• _What to do_:
Give the lines again exactly as they appear below, from the line with "Czech German Shepherd" to the line with "Vrijheer van Eslaan", both included, and only those lines. Leave every picture out.

[Web page caption snippets]
########################################
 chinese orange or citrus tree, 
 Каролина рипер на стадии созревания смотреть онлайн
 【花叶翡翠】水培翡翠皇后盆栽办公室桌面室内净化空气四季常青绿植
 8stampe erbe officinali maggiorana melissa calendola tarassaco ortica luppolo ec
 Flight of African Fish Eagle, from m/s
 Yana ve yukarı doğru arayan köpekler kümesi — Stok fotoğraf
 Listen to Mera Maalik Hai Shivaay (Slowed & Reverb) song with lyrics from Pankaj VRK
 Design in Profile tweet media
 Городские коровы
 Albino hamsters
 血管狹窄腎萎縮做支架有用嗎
########################################
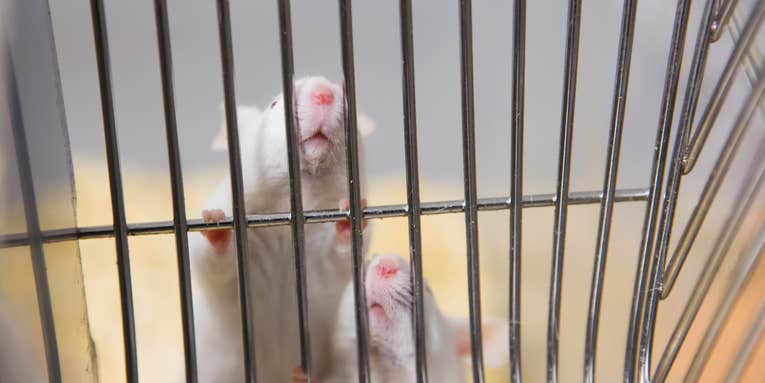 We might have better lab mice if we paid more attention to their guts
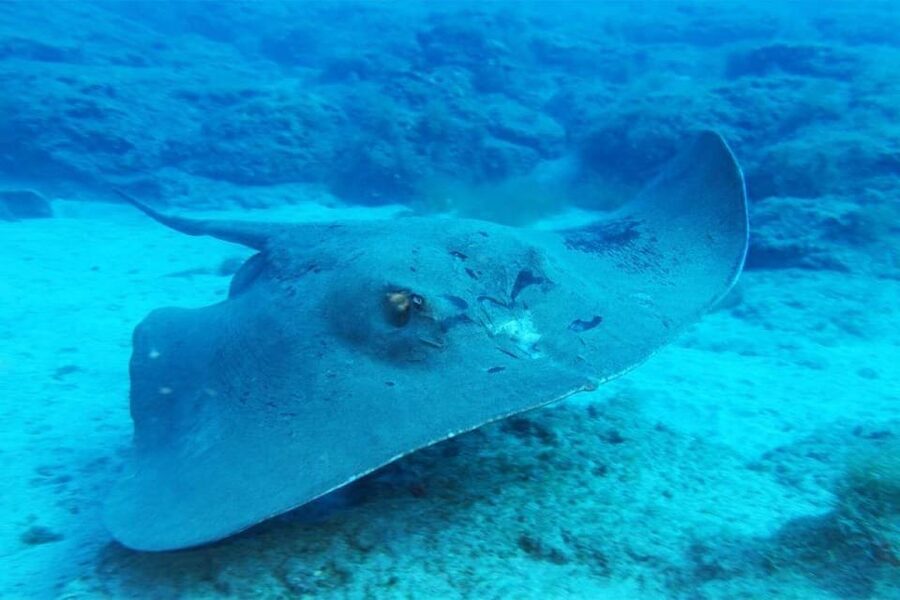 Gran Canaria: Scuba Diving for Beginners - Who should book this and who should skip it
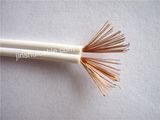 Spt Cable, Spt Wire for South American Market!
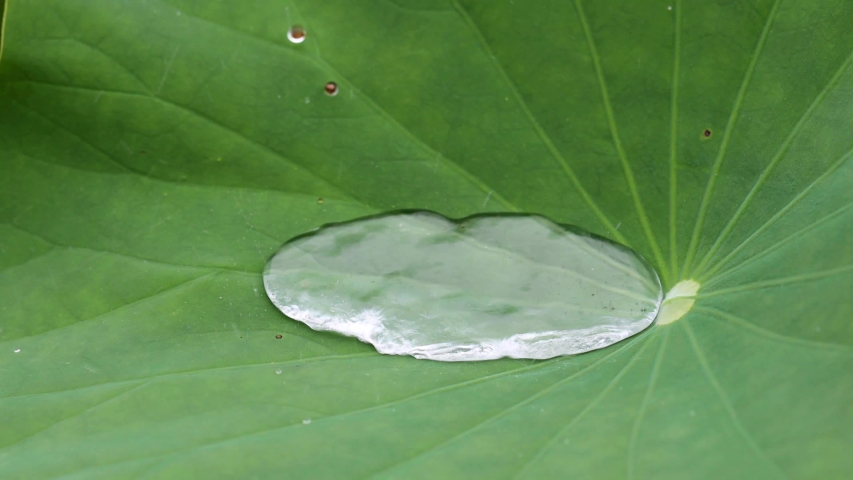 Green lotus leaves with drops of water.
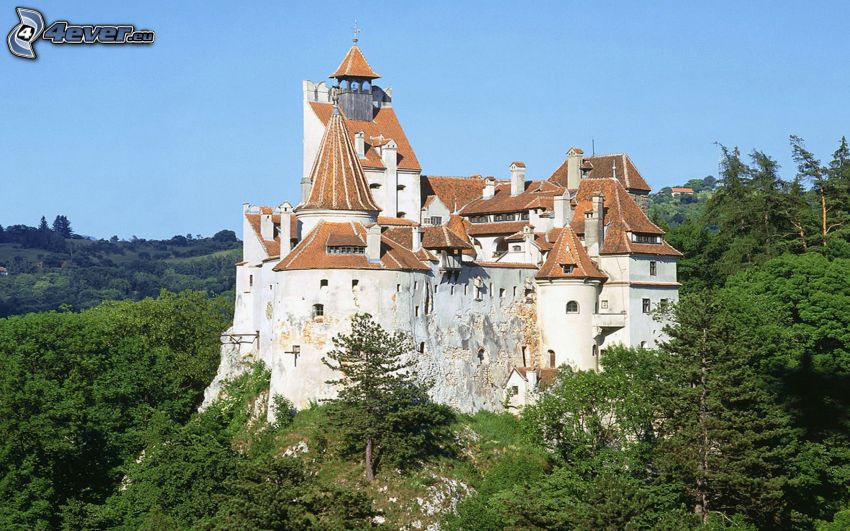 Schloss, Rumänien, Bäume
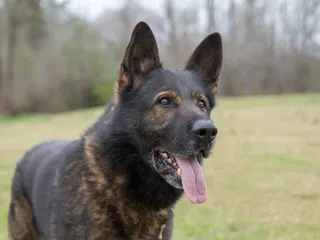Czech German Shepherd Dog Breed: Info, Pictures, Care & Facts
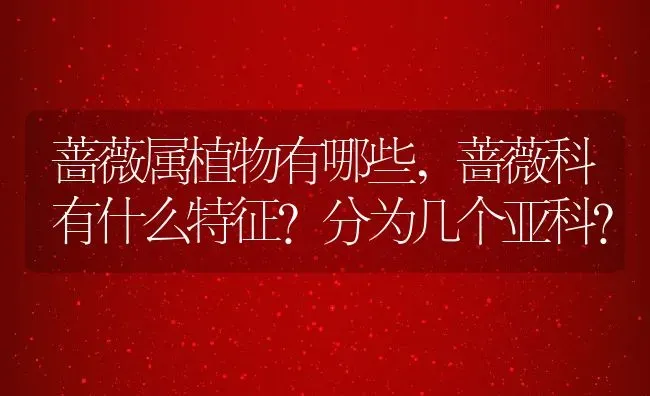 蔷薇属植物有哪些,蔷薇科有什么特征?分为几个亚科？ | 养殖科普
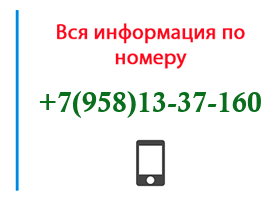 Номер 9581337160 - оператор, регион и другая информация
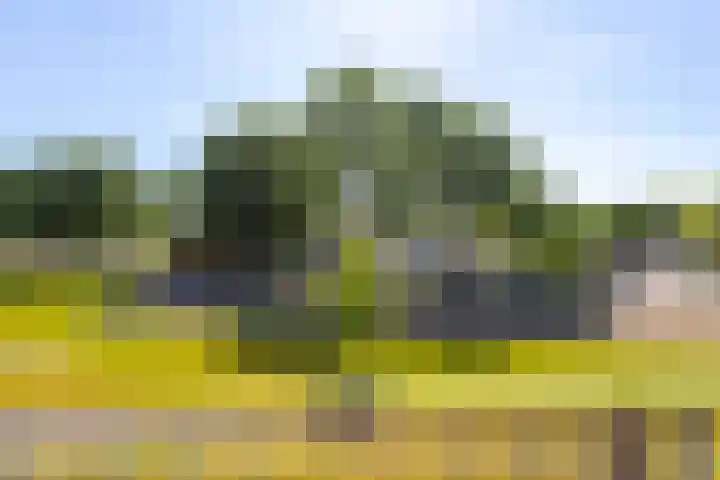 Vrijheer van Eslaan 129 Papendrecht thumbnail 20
########################################
• _Solution to this problem_:
Czech German Shepherd Dog Breed: Info, Pictures, Care & Facts
 蔷薇属植物有哪些,蔷薇科有什么特征?分为几个亚科？ | 养殖科普
 Номер 9581337160 - оператор, регион и другая информация
 Vrijheer van Eslaan 129 Papendrecht thumbnail 20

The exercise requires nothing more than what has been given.